Anahi’s room is a film and live performance by director Ivalo Frank featuring poet Jessie
Kleemann as well as performance artists from different corners of the world: Nadine Milzner
(Germany), Ronni Maciel (Brazil), Raven Do Canto (India) and Miki Shoji (Japan). The theme of
the film is childhood abuse and sheds light on a topic, still covered in darkness.
Through poetry, music and performance the piece alludes to the deeply felt emotional pain and
psychological displacement of the soul, which are just some of the consequences abuse leaves
behind in the victim. At another level the performance opens up to a discussion about colonisational
abuse, in the relation between Denmark (coloniser) and Greenland (colonised).
Too many children suffer because of the silence surrounding abuse. Let’s use art as a tool with

which we can break taboo and discuss emotionally charged parts of our society.

Credits

A film by Ivalo Frank
Poetry by Jessie Kleemann
Performance by Jessie Kleemann, Miki Shoji, Ronni Maciel, Nadine Milzner & Raven Do Canto
Music by Non-Functional Harmony

Jessie Kleemann was born in Upernavik in northern Greenland and trained as a lithographic artist.From 1978 to 1979, she was a student at the Tuukkaq theatre in Fjaltring in northern Jutland, from
1984 to 1991 director of the school of arts in Nuuk, during which period she took leave in 1989 in connection with the staging of the play Asanninneq naliitsoq, based on Märta Tikkanen’s Århundradets kärlekssaga.
Between 1991 and 1993, she was the coordinator of the exhibition project Arts from the Arctic as part of the UNESCO programme for the decade of indigenous people. She has participated in Nordic and international exhibitions as well as in many one-person exhibitions and as a poet has represented Greenland at Nordic and international literary events. Her first independent poetry collection was Taallat. Digte. Poems, 1997.

Ivalo Frank has lived in several countries and now resides in Berlin. Holding a MA in Social Science from Lund University, she works as an artist film-maker.
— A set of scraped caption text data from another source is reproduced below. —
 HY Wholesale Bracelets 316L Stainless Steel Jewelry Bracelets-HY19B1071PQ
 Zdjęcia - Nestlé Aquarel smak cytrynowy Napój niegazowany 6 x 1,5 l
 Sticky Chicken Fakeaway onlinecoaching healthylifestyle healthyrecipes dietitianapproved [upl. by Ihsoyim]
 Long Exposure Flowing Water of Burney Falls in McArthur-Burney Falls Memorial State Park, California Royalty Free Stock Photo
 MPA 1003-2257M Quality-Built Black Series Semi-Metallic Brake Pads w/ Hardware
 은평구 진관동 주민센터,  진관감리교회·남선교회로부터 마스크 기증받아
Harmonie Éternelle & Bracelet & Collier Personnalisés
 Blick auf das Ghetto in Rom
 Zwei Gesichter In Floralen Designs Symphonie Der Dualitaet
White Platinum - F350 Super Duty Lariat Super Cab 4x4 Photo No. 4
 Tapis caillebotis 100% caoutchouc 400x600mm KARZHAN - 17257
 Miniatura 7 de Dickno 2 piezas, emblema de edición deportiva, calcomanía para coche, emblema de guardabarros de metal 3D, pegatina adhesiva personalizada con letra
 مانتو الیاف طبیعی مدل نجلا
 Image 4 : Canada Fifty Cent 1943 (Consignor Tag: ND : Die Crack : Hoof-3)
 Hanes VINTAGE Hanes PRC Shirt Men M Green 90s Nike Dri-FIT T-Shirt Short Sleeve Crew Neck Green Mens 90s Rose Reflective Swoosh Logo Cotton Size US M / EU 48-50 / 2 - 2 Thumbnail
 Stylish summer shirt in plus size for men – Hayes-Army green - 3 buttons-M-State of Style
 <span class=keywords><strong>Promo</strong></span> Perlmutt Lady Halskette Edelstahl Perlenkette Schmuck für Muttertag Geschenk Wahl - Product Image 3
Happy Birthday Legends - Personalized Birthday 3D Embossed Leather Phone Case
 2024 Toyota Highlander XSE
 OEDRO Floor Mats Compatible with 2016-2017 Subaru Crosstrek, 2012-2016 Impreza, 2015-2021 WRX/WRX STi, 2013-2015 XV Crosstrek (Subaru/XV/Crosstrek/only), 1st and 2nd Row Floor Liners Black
Frank has made films in various countries such as Bosnia, China and Greenland and the content range from post-war portraits and post-colonial perspectives to in-depth interviews with citizens from the former DDR. Her films are shown in academic, art and film contexts world-wide, e.g. at the Humboldt University Berlin, Louisiana Museum of Modern Art and IMC gallery, New York. Selected for numerous international film festivals, Frank’s work has been included in CPH:DOX and the International Film Festival of Cinematic Art a.o. She has won a number of awards ex. the Honorable Mention Award, Los Angeles International Film Festival and Best Documentary Award, London Underground Film Festival.